WHAT IS REQUIRED
What you return should be the entries, unchanged, without their pictures.

AVAILABLE RECORDS
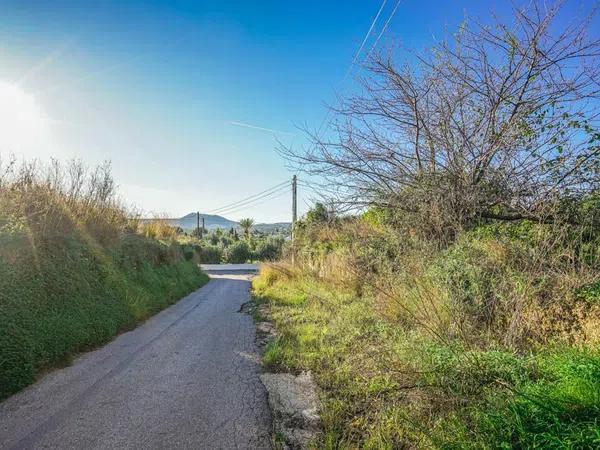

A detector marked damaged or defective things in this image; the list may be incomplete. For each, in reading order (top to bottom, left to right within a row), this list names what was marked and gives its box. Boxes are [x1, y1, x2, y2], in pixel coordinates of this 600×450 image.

broken concrete edge [240, 294, 322, 448]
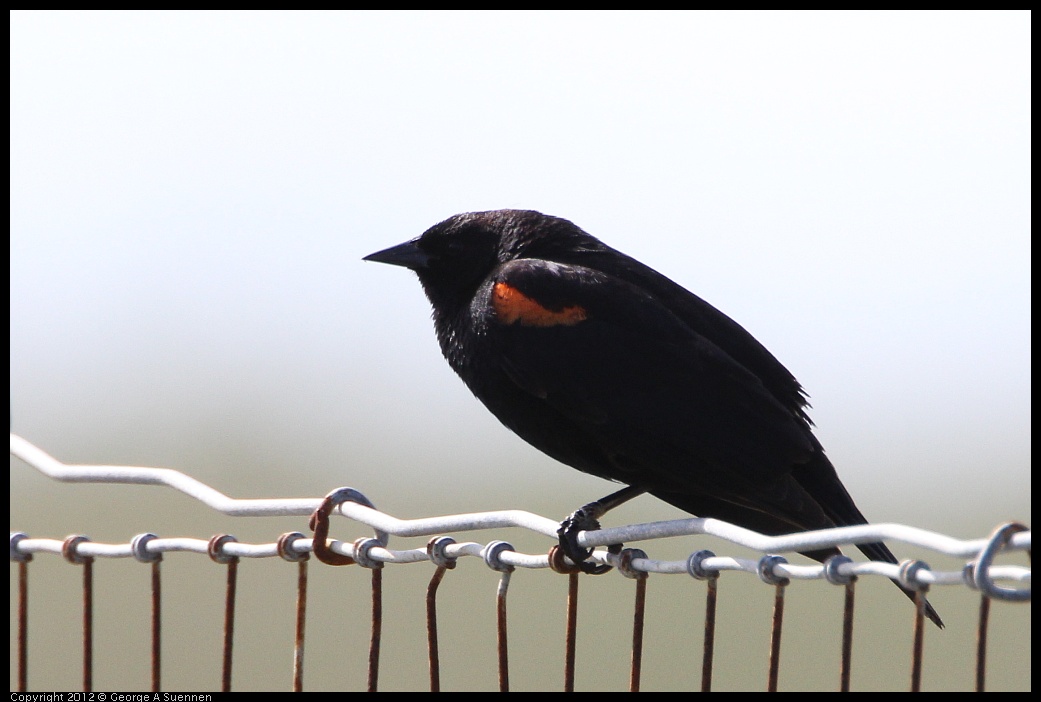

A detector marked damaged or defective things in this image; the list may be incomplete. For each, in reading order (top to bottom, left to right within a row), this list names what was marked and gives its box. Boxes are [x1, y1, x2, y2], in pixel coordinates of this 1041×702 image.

rusty fence wire [10, 431, 1032, 687]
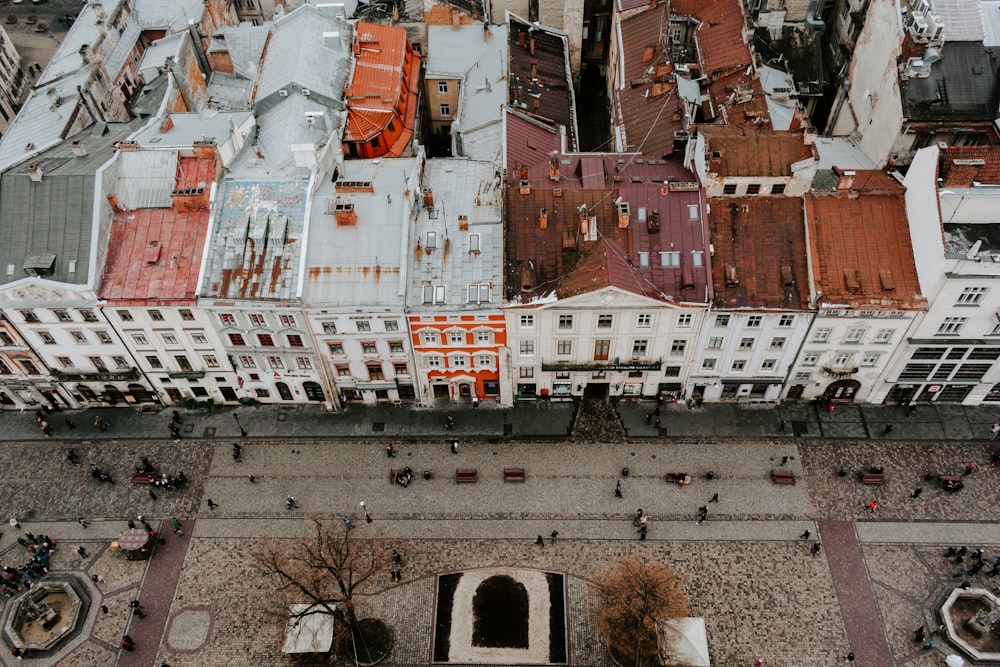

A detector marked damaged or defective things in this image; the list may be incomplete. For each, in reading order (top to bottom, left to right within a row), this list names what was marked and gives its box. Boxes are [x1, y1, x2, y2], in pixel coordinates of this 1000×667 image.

brown rusted roof [700, 125, 816, 177]
brown rusted roof [936, 145, 1000, 187]
brown rusted roof [712, 196, 812, 310]
brown rusted roof [804, 180, 920, 310]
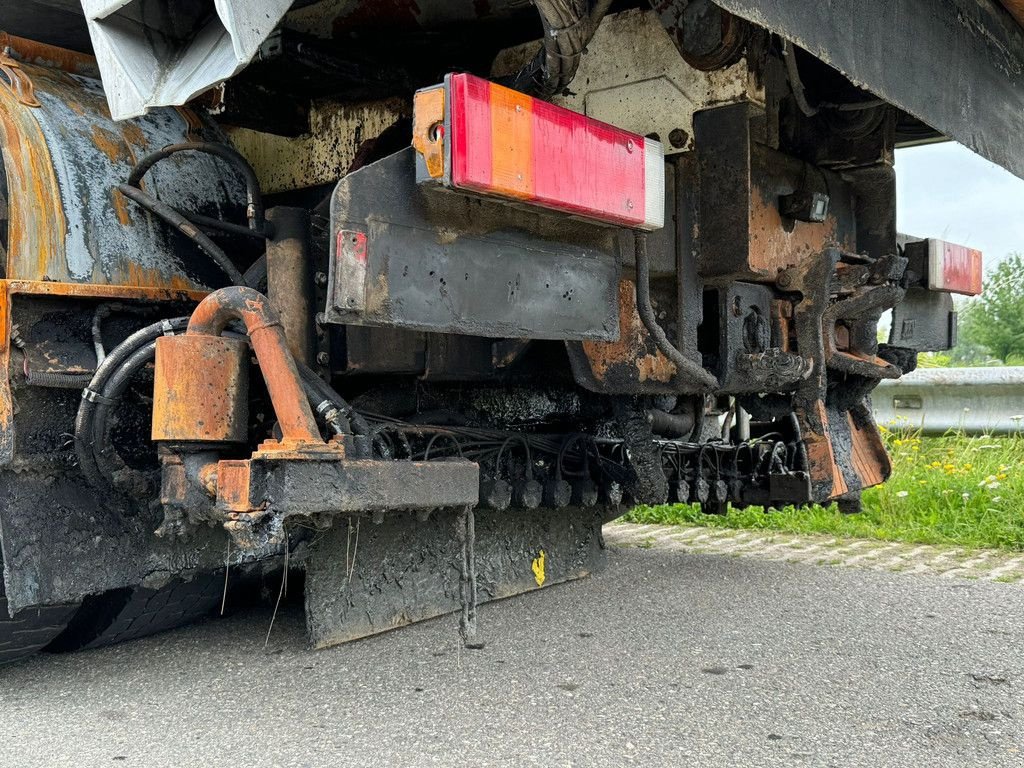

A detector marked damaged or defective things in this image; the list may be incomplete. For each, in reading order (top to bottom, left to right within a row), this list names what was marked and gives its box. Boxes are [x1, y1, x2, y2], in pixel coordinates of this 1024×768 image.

rust stain [585, 280, 679, 385]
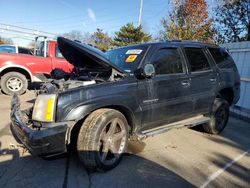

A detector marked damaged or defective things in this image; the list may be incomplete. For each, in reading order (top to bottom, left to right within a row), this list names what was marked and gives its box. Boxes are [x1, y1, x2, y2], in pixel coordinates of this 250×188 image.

damaged black cadillac escalade [10, 37, 240, 171]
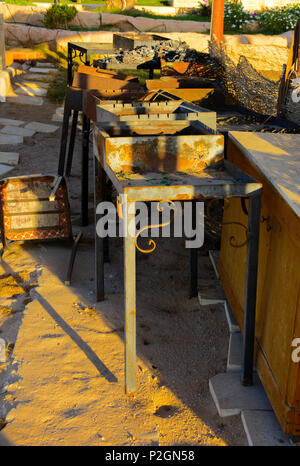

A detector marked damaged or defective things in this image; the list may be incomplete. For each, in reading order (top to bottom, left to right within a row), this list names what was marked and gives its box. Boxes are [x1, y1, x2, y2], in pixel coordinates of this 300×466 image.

rusty sheet metal [0, 175, 72, 240]
rusty metal table [92, 119, 262, 394]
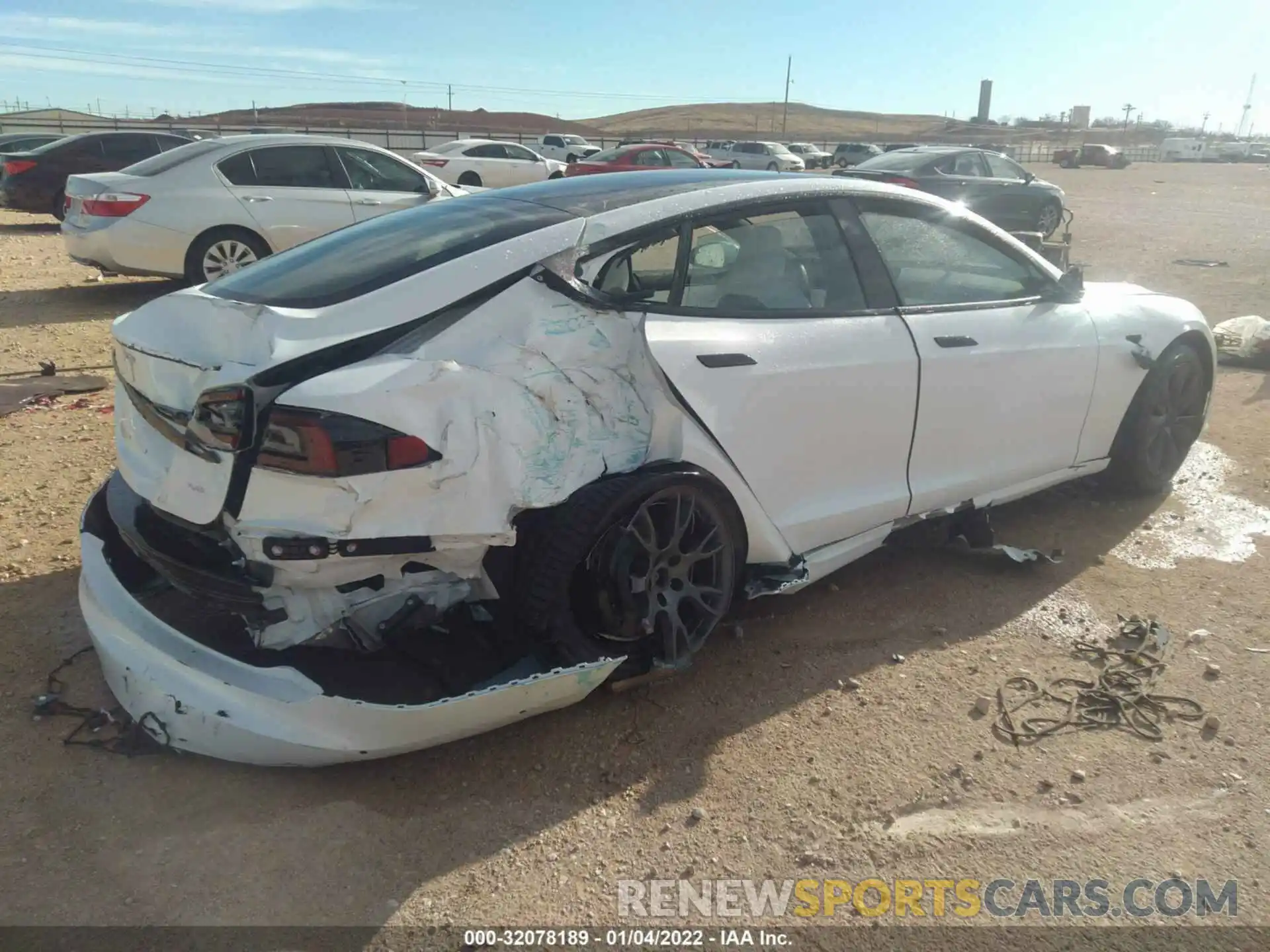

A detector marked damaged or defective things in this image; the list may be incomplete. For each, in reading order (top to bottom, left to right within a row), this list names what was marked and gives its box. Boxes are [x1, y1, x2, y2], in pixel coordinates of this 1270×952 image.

cracked taillight lens [255, 406, 439, 477]
damaged white sedan [74, 171, 1214, 766]
crumpled sheet metal [1208, 318, 1270, 368]
detached rear bumper [77, 477, 622, 766]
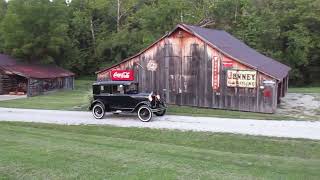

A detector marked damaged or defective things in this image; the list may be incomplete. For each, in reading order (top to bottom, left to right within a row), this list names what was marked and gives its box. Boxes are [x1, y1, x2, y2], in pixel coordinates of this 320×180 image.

rusty metal roof [0, 53, 74, 78]
rusty metal roof [181, 24, 292, 80]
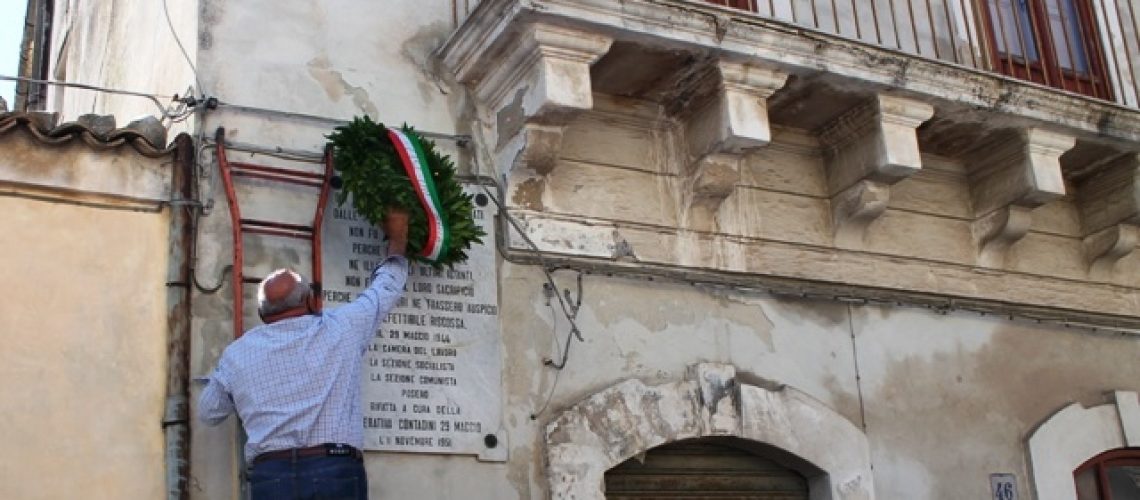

WRITTEN SOLUTION
A detector marked damaged or defective things in this image; the list may be incomplete. For each, in reading order (top to bottom, left to right within a row), this list names what was marked and gives its box. Boxes are [x1, y1, x2, y2], in pixel coordinates of this 600×450 image.

broken concrete edge [240, 294, 322, 448]

A detector marked damaged or defective things in this image; the list may be incomplete. For each, in reading order (top to bottom, left to right within a row), this list names what was marked and gives its box. Boxes are [x1, y1, x2, y2], in pixel coordinates of this 1041×702 image.

rusty fence wire [10, 431, 1032, 687]

A detector marked damaged or defective things in this image; the list may be incomplete. For each, in reading order (top to bottom, left to right within a row), this list names what was marked and gives its box. Boxes are [x1, y1, x2, y2], in pixel coordinates of this 1000×667 image.

brown rusted roof [700, 125, 816, 177]
brown rusted roof [936, 145, 1000, 187]
brown rusted roof [712, 196, 812, 310]
brown rusted roof [804, 180, 920, 310]

A detector marked damaged or defective things in this image; the list may be incomplete. For each, in reading order (top to bottom, left to right within a row), this list names what was marked and gives its box. Boxes are [x1, y1, x2, y2], in pixel coordinates of this 1024×768 image.

rust stain [585, 280, 679, 385]

A detector marked damaged or defective things in this image; the list may be incomplete. For each, in reading order (top to bottom, left to right within a row), this list names what was marked and gives its box. Boxes are [x1, y1, x2, y2], in pixel coordinates of this 250×188 image.

damaged black cadillac escalade [10, 37, 240, 171]

A detector marked damaged or defective things in this image; the list may be incomplete. For each, in reading order (top to bottom, left to right within a row), this list names what was marked and gives its box. Boxes are [x1, y1, x2, y2], in pixel coordinates of this 300×466 image.

rusty sheet metal [0, 175, 72, 240]
rusty metal table [92, 119, 262, 394]

A detector marked damaged or defective things in this image; the list may be incomplete. For each, in reading order (top to bottom, left to right within a row), this list names what was marked and gives its box. Boxes are [x1, y1, x2, y2], in pixel coordinates of this 1270×952 image.

cracked taillight lens [255, 406, 439, 477]
damaged white sedan [74, 171, 1214, 766]
crumpled sheet metal [1208, 318, 1270, 368]
detached rear bumper [77, 477, 622, 766]

A detector marked damaged or defective things in this image; the list may be incomplete. For each, in reading order (top to bottom, left to right within a row), this list names what was marked and gives its box. Boxes are [x1, y1, x2, y2], in pixel coordinates of this 320×180 image.

rusty metal roof [0, 53, 74, 78]
rusty metal roof [181, 24, 292, 80]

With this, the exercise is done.